O inferno astral de Trump
A economia vai bem, mas as forças alinhadas contra ele são bravas
Como Donald Trump vai se sair neste ano sem precedentes na história americana, que começa com o presidente já sob impeachment e culmina com a eleição de novembro? Boa sorte para quem se arriscar a fazer previsões. Ou mesmo procurar opiniões de especialistas fundamentadas em conhecimento, fatos e lógica. É mais fácil buscar explicações astrológicas (Saturno e Plutão alinhados, a partir do dia 12, o ano todo, sinônimo de reviravoltas em praticamente todas as esferas de poder).
O site Politico perguntou a 23 historiadores como serão lembrados os anos 2010, e o quadro pintado é de extrema desconexão com a realidade. Na ótica dos professores, esmagadoramente à esquerda do espectro ideológico, os EUA estão num fundo do poço bravíssimo. Basta ver que ninguém viaja mais para Miami, os texanos fugindo em massa para o México, os oceanos subindo — já deu para entender que é uma manifestação de sarcasmo. Voltando aos professores: para eles, mais do que um mau presidente, Trump é uma ameaça à democracia, aos princípios constitucionais, à ordem mundial, à paz e, claro, ao nível dos oceanos . “Polarização” é o conceito mais repetido.

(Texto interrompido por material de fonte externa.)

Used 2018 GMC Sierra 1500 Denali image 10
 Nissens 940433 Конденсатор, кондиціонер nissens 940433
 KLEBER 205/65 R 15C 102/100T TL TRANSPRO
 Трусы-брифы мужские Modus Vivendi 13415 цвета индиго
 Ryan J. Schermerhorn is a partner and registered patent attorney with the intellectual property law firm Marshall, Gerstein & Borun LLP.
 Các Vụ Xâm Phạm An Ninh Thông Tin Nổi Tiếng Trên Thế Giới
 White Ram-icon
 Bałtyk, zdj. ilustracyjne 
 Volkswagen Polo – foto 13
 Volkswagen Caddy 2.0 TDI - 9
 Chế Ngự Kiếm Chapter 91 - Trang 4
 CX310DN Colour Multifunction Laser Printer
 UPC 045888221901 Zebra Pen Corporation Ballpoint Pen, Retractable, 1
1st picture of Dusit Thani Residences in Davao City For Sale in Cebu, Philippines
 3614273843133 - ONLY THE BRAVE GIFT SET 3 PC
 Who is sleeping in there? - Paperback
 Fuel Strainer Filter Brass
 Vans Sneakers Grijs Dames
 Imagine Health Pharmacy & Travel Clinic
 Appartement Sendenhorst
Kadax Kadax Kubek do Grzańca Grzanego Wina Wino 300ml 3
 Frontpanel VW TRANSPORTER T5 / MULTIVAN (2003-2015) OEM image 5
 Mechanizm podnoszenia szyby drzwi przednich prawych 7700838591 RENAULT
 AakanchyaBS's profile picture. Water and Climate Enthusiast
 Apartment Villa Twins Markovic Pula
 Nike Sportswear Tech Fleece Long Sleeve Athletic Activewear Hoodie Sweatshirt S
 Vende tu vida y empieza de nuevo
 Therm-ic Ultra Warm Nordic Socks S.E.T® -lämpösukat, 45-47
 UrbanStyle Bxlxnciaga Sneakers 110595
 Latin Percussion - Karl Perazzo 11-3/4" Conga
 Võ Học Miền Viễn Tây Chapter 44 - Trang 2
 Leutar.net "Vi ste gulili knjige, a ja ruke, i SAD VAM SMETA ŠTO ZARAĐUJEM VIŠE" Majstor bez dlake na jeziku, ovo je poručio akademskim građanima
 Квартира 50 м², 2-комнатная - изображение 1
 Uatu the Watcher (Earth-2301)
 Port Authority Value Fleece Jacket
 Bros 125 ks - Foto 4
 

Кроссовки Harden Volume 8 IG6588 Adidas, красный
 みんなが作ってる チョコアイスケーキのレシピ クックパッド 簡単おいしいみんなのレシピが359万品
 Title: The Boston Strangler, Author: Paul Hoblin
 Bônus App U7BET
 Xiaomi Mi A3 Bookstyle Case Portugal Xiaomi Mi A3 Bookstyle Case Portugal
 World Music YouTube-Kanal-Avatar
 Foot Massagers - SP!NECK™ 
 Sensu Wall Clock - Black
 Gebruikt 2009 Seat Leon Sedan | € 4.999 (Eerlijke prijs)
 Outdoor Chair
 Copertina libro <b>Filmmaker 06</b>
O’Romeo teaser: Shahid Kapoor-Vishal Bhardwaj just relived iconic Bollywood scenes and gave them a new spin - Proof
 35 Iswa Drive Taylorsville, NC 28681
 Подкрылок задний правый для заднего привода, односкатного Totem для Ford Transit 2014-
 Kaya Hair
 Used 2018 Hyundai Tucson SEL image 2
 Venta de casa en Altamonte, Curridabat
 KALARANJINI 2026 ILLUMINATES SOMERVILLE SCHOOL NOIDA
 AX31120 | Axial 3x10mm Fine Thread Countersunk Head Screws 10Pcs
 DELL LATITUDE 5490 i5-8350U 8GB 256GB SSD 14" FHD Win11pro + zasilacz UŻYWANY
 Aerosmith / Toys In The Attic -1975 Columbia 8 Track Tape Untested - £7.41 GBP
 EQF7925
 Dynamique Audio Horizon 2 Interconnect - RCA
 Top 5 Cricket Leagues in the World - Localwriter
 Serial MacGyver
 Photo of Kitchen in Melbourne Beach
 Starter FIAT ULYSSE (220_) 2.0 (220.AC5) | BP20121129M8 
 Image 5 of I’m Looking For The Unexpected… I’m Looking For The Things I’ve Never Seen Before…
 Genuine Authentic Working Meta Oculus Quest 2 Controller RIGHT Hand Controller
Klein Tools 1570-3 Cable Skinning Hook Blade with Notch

Pode ser um caso raro de presidente que perde a reeleição em condições econômicas favoráveis
Apesar do uso abusivo da palavra, a capacidade de Trump de polarizar é incontestável. Isso acrescenta boa dose de imprevisibilidade. Pode ser, por exemplo, um caso raro, talvez único, de presidente que perde a reeleição em condições econômicas favoráveis. E como: a taxa de juros caiu, as altas do mercado de ações são de dar frio na espinha e os salários estão com aumento real de 3% (4,5% para os 25% na base da pirâmide, o exato oposto da desigualdade frequentemente apontada); o nível de emprego é de dar inveja ao mundo. O novo Nafta, o acordo renegociado por Trump com o México e o Canadá, para desgosto dos especialistas, tem potencial para criar mais 170 000 empregos.
Como um presidente assim pode perder eleição? Sendo Trump, claro, um homem sem sequer a noção de respeito pela liturgia presidencial. A falta de limites que permite jogar acordos consolidados pela janela do Salão Oval — e conseguir substitutos mais vantajosos — é a mesma que abriu caminho ao telefonema para o presidente ucraniano, mais do que insinuando uma investigação sobre o rival democrata Joe Biden, porta de entrada para o impeachment.
Estando melhor de vida, estarão os americanos, em maioria suficiente para definir a eleição de novembro, fartos dos exageros, da estridência, dos tuítes? Na condição de candidato à reeleição, teoricamente Trump não se beneficia mais da imagem de azarão, de agitador vindo de fora do sistema para vingar todas as camadas da população desprezadas pela “bolha” midiática e intelectual. Na prática, ele pode, mais uma vez, mudar a teoria. O próprio ódio que desperta entre as forças alinhadas contra si o mantém na bizarra posição de gato de Schroedinger da política: está na Casa Branca e, ao mesmo tempo, o status presidencial lhe é constantemente negado pela “resistência”, tendo atingido o ápice com a aprovação do impeachment na Câmara. Como a probabilidade de passar no Senado é nenhuma — por enquanto, por enquanto —, a campanha eleitoral vai ser de chacoalhar os anéis de Saturno. Para não falar em Plutão.